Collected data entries
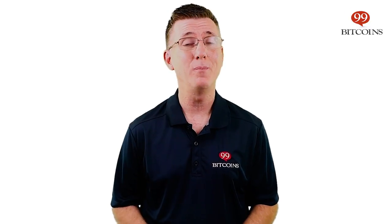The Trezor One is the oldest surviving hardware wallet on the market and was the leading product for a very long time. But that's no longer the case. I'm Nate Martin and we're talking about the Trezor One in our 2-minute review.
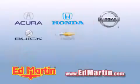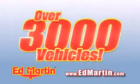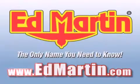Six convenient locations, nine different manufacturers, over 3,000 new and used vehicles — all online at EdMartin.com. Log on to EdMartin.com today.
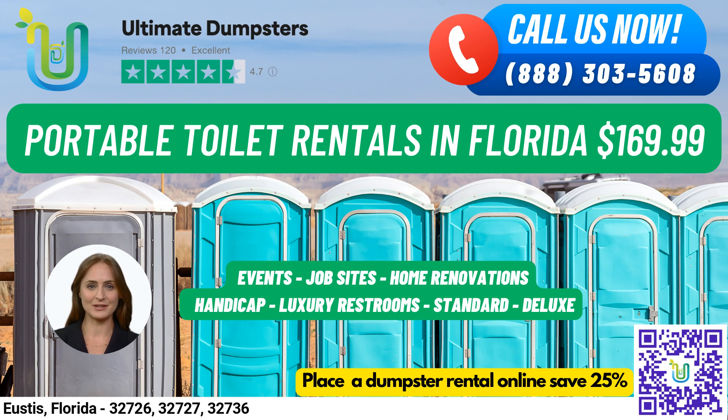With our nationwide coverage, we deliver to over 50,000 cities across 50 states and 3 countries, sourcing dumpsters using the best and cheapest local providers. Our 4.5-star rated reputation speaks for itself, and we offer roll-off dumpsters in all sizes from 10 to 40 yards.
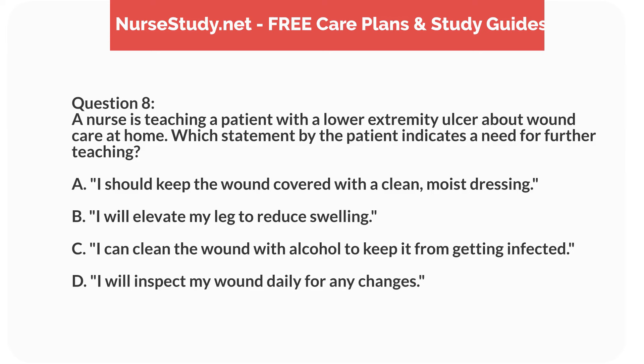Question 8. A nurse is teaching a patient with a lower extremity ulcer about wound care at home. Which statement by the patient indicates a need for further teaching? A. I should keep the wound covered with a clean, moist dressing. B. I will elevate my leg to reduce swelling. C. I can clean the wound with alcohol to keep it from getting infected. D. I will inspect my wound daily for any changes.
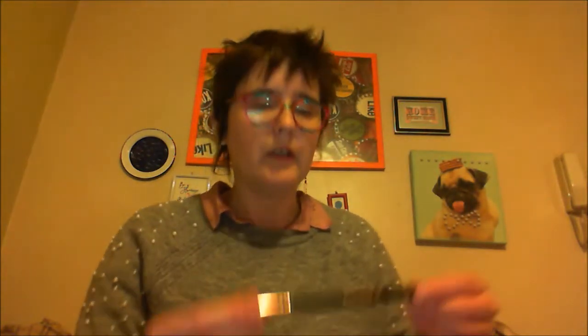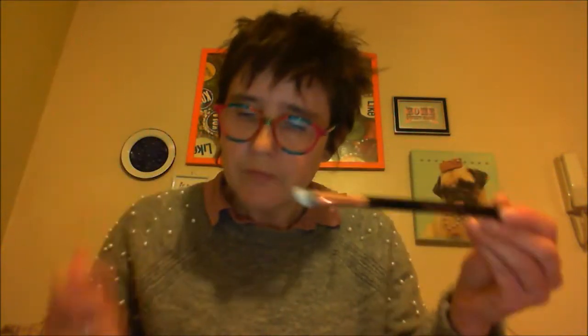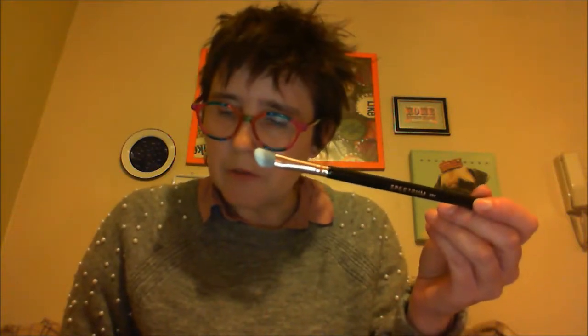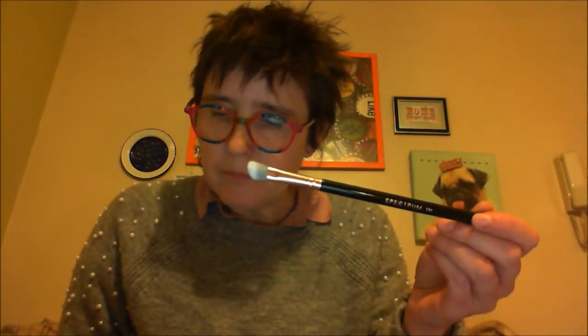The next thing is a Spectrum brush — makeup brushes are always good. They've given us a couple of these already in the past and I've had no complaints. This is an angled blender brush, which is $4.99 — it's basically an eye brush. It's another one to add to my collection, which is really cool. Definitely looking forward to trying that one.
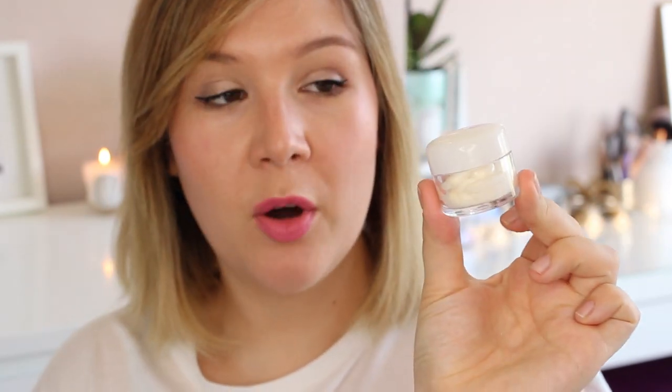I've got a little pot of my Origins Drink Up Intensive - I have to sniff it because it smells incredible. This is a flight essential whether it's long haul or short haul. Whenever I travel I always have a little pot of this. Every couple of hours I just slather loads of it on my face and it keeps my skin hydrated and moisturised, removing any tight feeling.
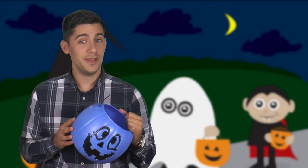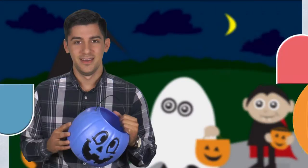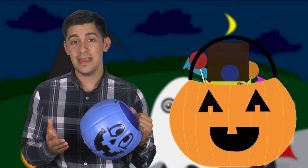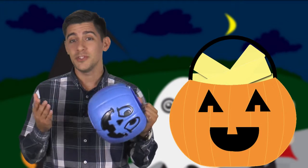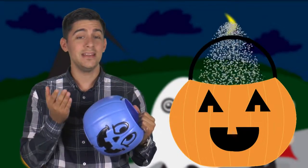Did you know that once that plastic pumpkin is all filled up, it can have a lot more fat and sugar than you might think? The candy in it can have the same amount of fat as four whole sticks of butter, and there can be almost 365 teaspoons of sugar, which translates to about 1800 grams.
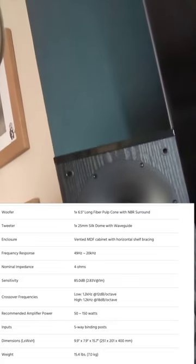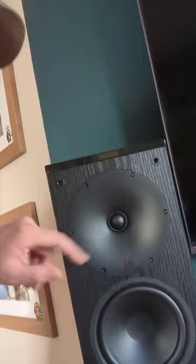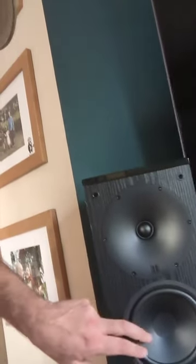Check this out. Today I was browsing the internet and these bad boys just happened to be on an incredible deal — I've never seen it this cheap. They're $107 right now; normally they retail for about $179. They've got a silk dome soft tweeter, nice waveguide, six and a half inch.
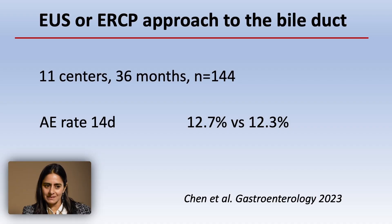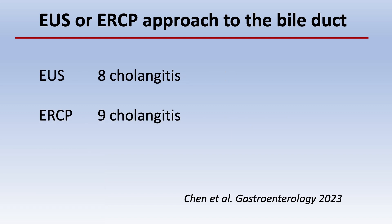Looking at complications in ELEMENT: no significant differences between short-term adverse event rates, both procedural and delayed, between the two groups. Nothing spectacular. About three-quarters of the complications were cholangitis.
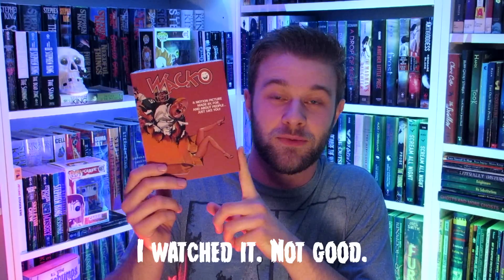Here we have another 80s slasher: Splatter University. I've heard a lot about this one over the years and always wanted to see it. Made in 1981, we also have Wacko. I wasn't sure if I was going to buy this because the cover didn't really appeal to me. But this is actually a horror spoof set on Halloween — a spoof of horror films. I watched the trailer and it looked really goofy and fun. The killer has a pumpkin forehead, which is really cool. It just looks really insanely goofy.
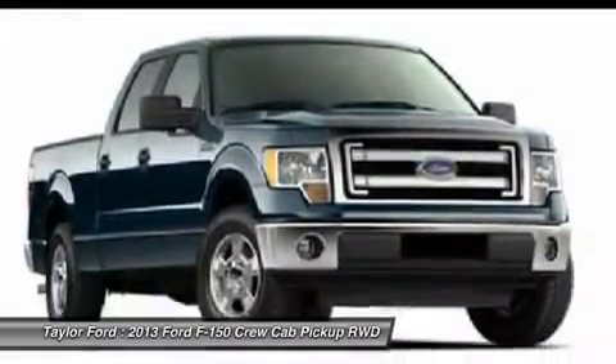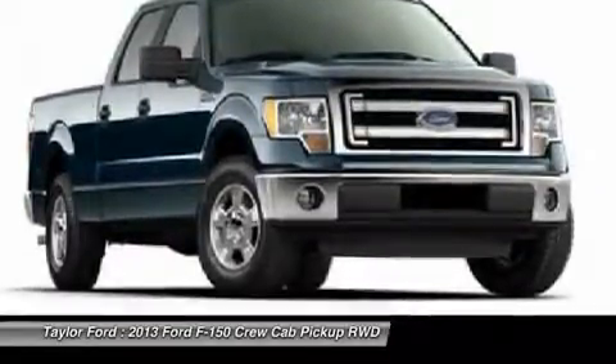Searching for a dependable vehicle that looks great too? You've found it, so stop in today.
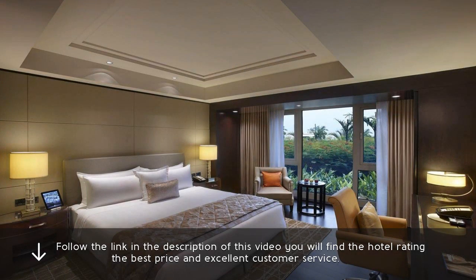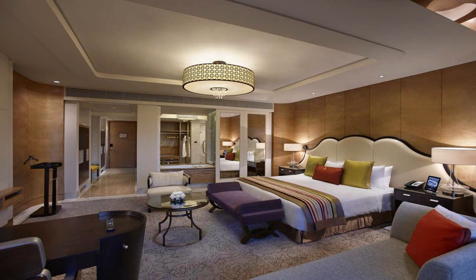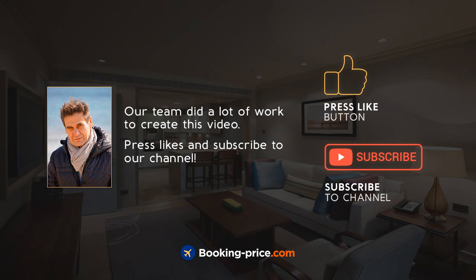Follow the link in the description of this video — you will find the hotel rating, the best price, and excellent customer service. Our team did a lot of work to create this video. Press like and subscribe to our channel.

**INSTRUCTIONS TO FOLLOW:**
Only one stretch of the entries above is needed: the lines from the one containing "The next thing" through the one containing "Did you know". Copy it exactly, without the pictures.

**PROBLEM SOLUTION:**
The next thing is a Spectrum brush — makeup brushes are always good. They've given us a couple of these already in the past and I've had no complaints. This is an angled blender brush, which is $4.99 — it's basically an eye brush. It's another one to add to my collection, which is really cool. Definitely looking forward to trying that one.
I've got a little pot of my Origins Drink Up Intensive - I have to sniff it because it smells incredible. This is a flight essential whether it's long haul or short haul. Whenever I travel I always have a little pot of this. Every couple of hours I just slather loads of it on my face and it keeps my skin hydrated and moisturised, removing any tight feeling.
Did you know that once that plastic pumpkin is all filled up, it can have a lot more fat and sugar than you might think? The candy in it can have the same amount of fat as four whole sticks of butter, and there can be almost 365 teaspoons of sugar, which translates to about 1800 grams.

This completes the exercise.